:: DIRECTIONS FOR THIS TASK ::
Each record must be returned exactly, apart from the pictures, which stay out.

:: INFORMATION ::
****
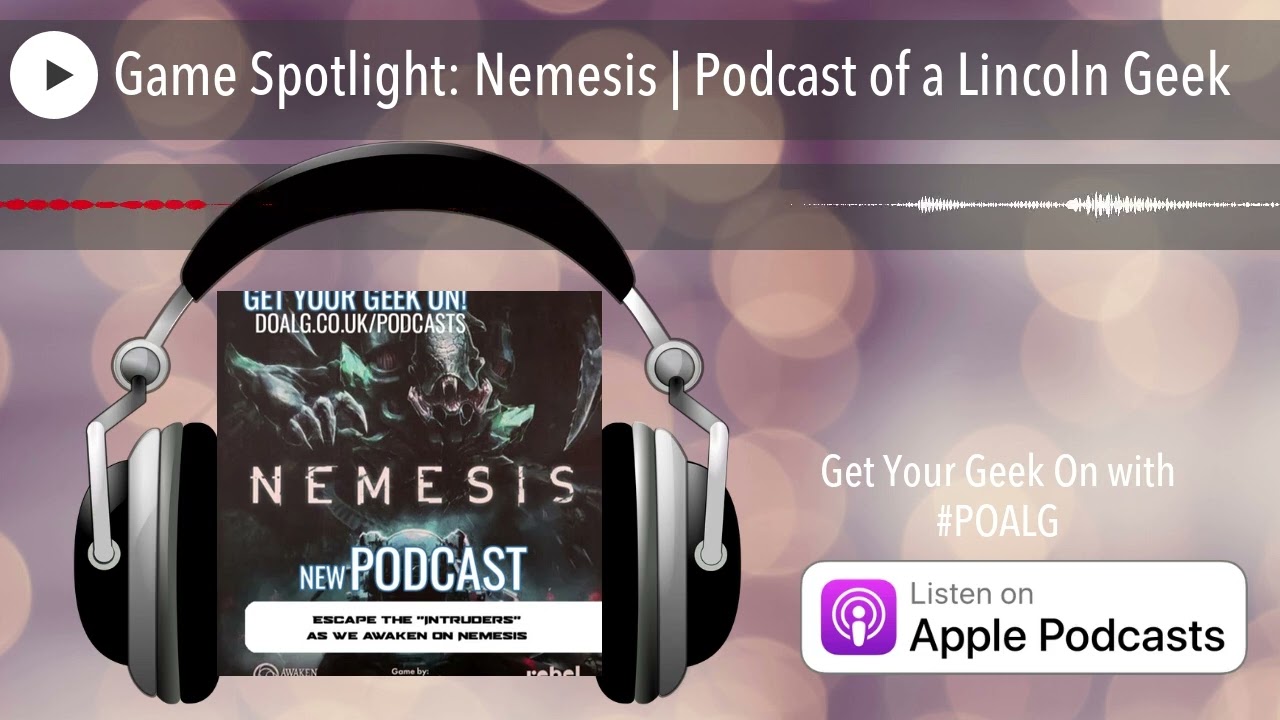 Game Spotlight: Nemesis | Podcast of a Lincoln Geek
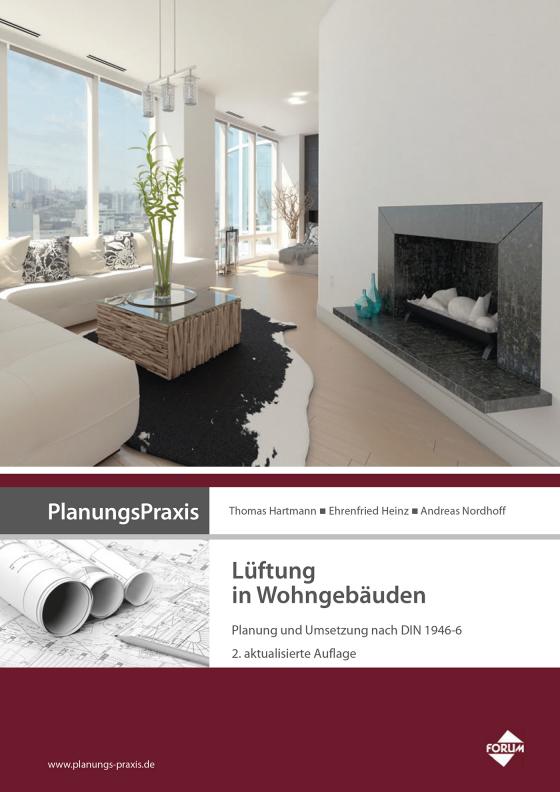 Cover-Bild PlanungsPraxis Lüftung in Wohngebäuden – Planung und Umsetzung nach DIN 1946-6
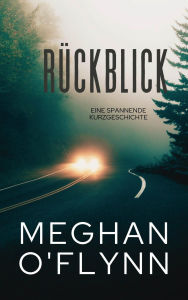 Title: Rückblick: Eine Spannende Kurzgeschichte, Author: Meghan O'Flynn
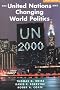 The United Nations and Changing World Politics The United Nations and Changing World Politics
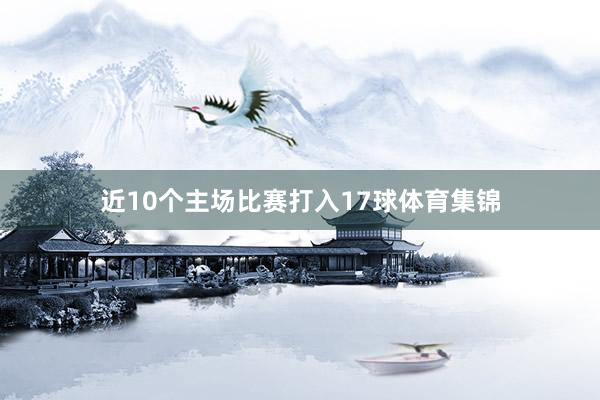 近10个主场比赛打入17球体育集锦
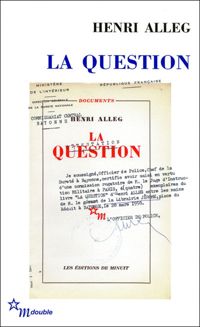 Henri Alleg - Jean-pierre Rioux - La Question 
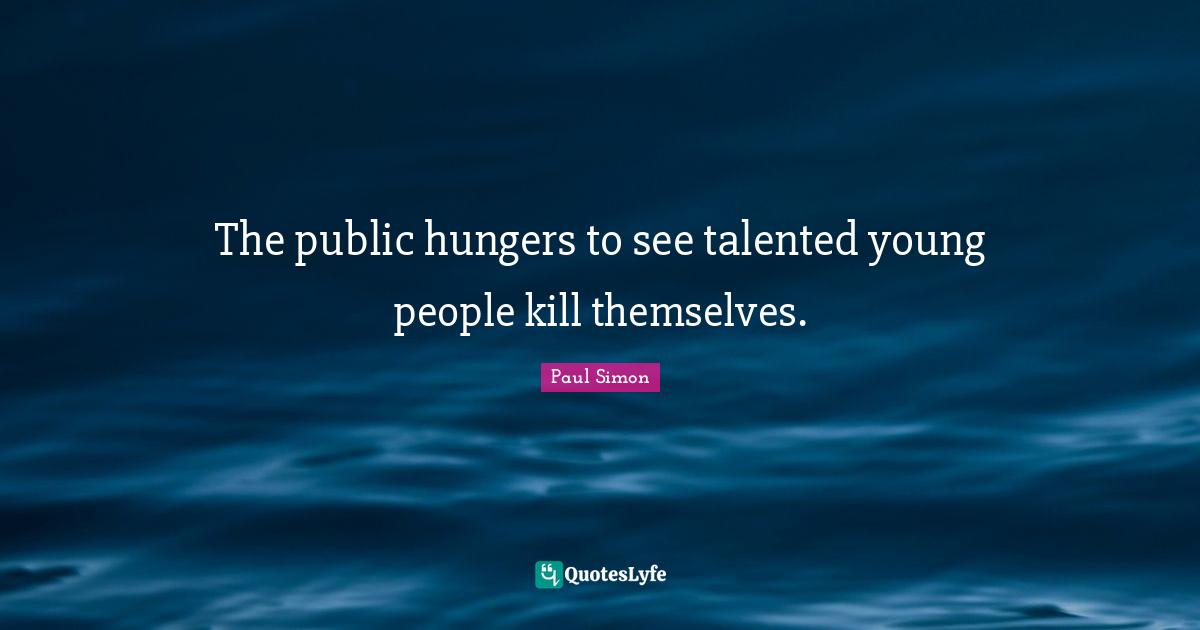 The public hungers to see talented young people kill themselves.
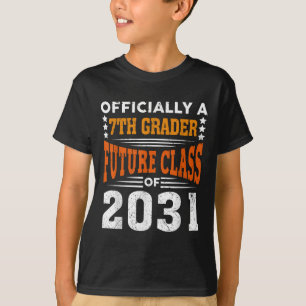 Ly A 7th Grader Future Cl 2031 First Day Grade 7  T-Shirt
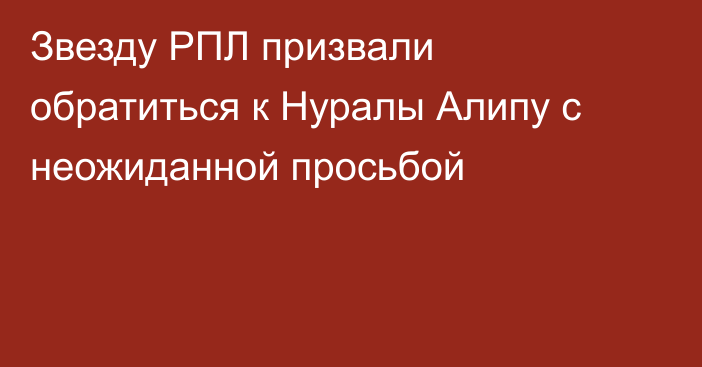 Звезду РПЛ призвали обратиться к Нуралы Алипу с неожиданной просьбой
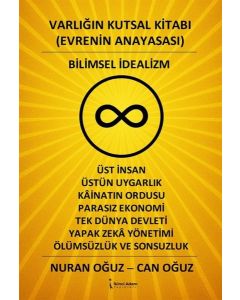 Varlığın Kutsal Kitabı (Evrenin Anayasası) - Bilimsel İdealizm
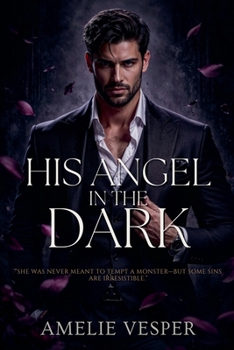 Paperback His Angel in the Dark Book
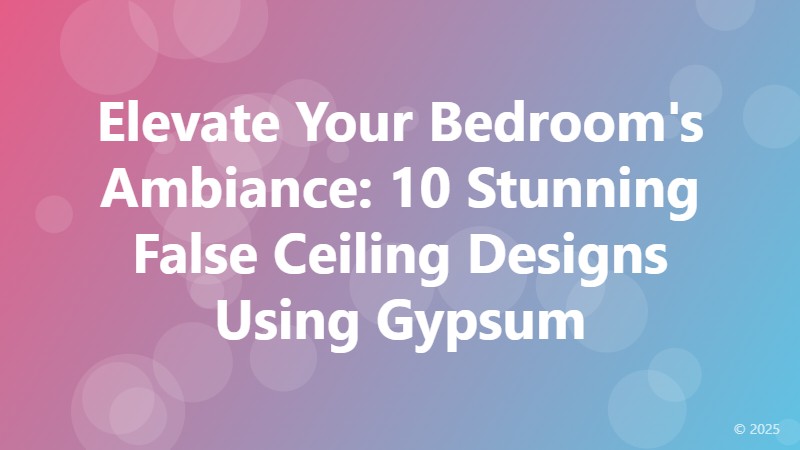 Elevate Your Bedroom's Ambiance: 10 Stunning False Ceiling Designs Using Gypsum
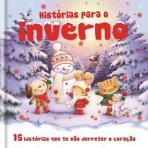 70277.10 - HISTORIAS PARA O INVERNO - 15 historias que te vao derreter o coracao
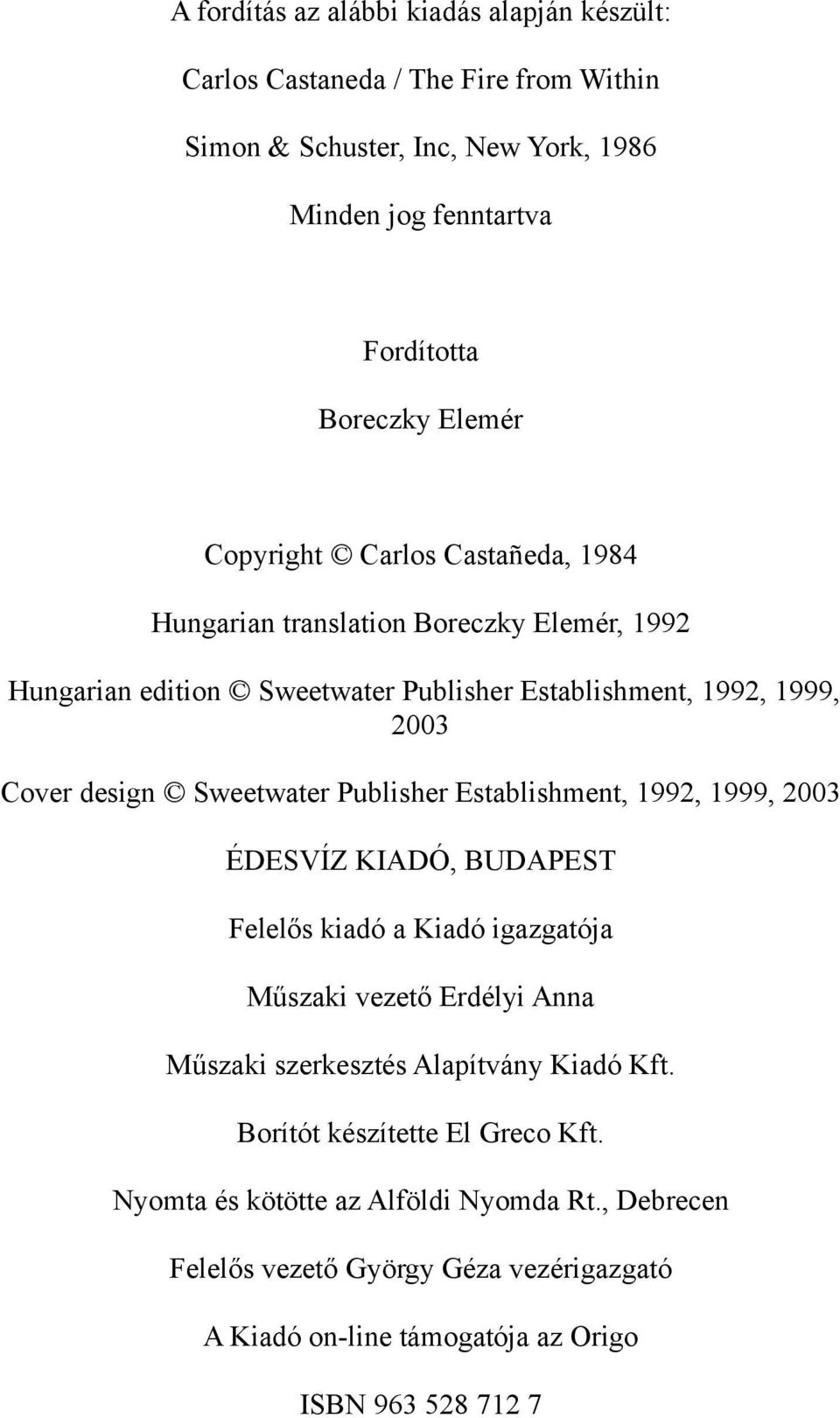 Publisher Establishment, 1992, 1999, 2003 ÉDESVÍZ KIADÓ, BUDAPEST Felelős kiadó a Kiadó igazgatója Műszaki vezető Erdélyi Anna Műszaki szerkesztés Alapítvány Kiadó Kft.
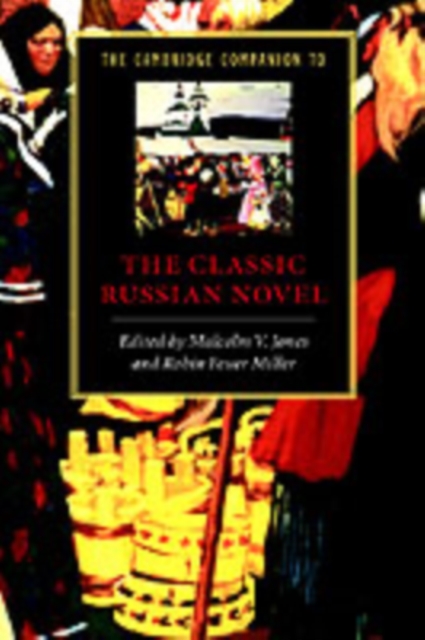 Cambridge Companion to the Classic Russian Novel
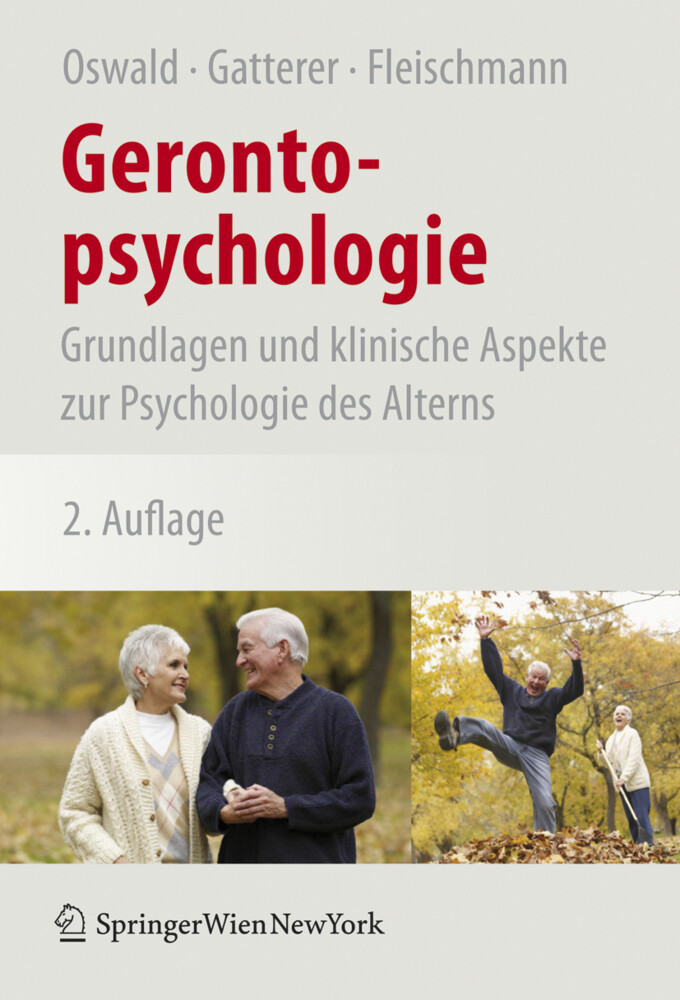 Gerontopsychologie - Wolf-D. Oswald/ Gerald Gatterer/ Ulrich M. Fleischmann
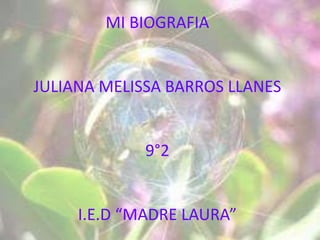 MI BIOGRAFIA


JULIANA MELISSA BARROS LLANES


             9°2


     I.E.D “MADRE LAURA”
 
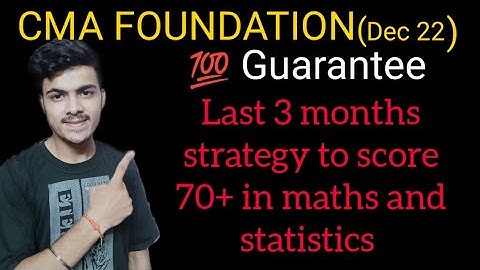 Last 3 months strategy to score 70+ in maths and statistics in cma foundation December 2022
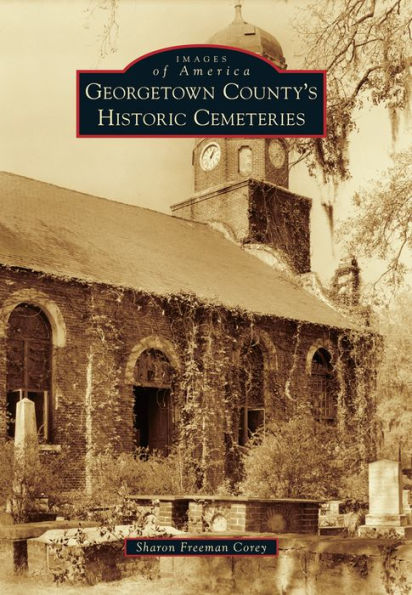 Georgetown County's Historic Cemeteries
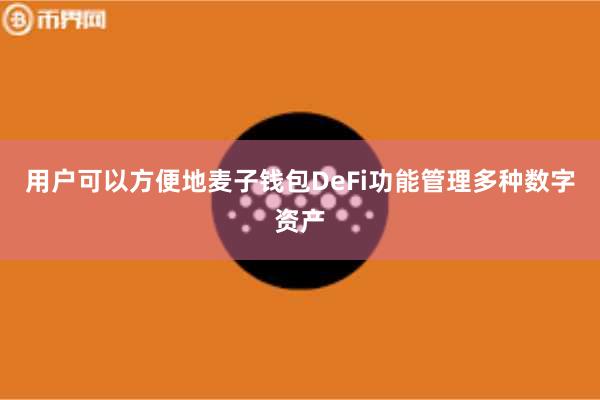 用户可以方便地麦子钱包DeFi功能管理多种数字资产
****
:: RESPONSE AREA ::
 Game Spotlight: Nemesis | Podcast of a Lincoln Geek
 Cover-Bild PlanungsPraxis Lüftung in Wohngebäuden – Planung und Umsetzung nach DIN 1946-6
 Title: Rückblick: Eine Spannende Kurzgeschichte, Author: Meghan O'Flynn
 The United Nations and Changing World Politics The United Nations and Changing World Politics
 近10个主场比赛打入17球体育集锦
 Henri Alleg - Jean-pierre Rioux - La Question 
 The public hungers to see talented young people kill themselves.
 Ly A 7th Grader Future Cl 2031 First Day Grade 7  T-Shirt
 Звезду РПЛ призвали обратиться к Нуралы Алипу с неожиданной просьбой
 Varlığın Kutsal Kitabı (Evrenin Anayasası) - Bilimsel İdealizm
 Paperback His Angel in the Dark Book
 Elevate Your Bedroom's Ambiance: 10 Stunning False Ceiling Designs Using Gypsum
 70277.10 - HISTORIAS PARA O INVERNO - 15 historias que te vao derreter o coracao
 Publisher Establishment, 1992, 1999, 2003 ÉDESVÍZ KIADÓ, BUDAPEST Felelős kiadó a Kiadó igazgatója Műszaki vezető Erdélyi Anna Műszaki szerkesztés Alapítvány Kiadó Kft.
 Cambridge Companion to the Classic Russian Novel
 Gerontopsychologie - Wolf-D. Oswald/ Gerald Gatterer/ Ulrich M. Fleischmann
 MI BIOGRAFIA


JULIANA MELISSA BARROS LLANES


             9°2


     I.E.D “MADRE LAURA”
 
 Last 3 months strategy to score 70+ in maths and statistics in cma foundation December 2022
 Georgetown County's Historic Cemeteries
 用户可以方便地麦子钱包DeFi功能管理多种数字资产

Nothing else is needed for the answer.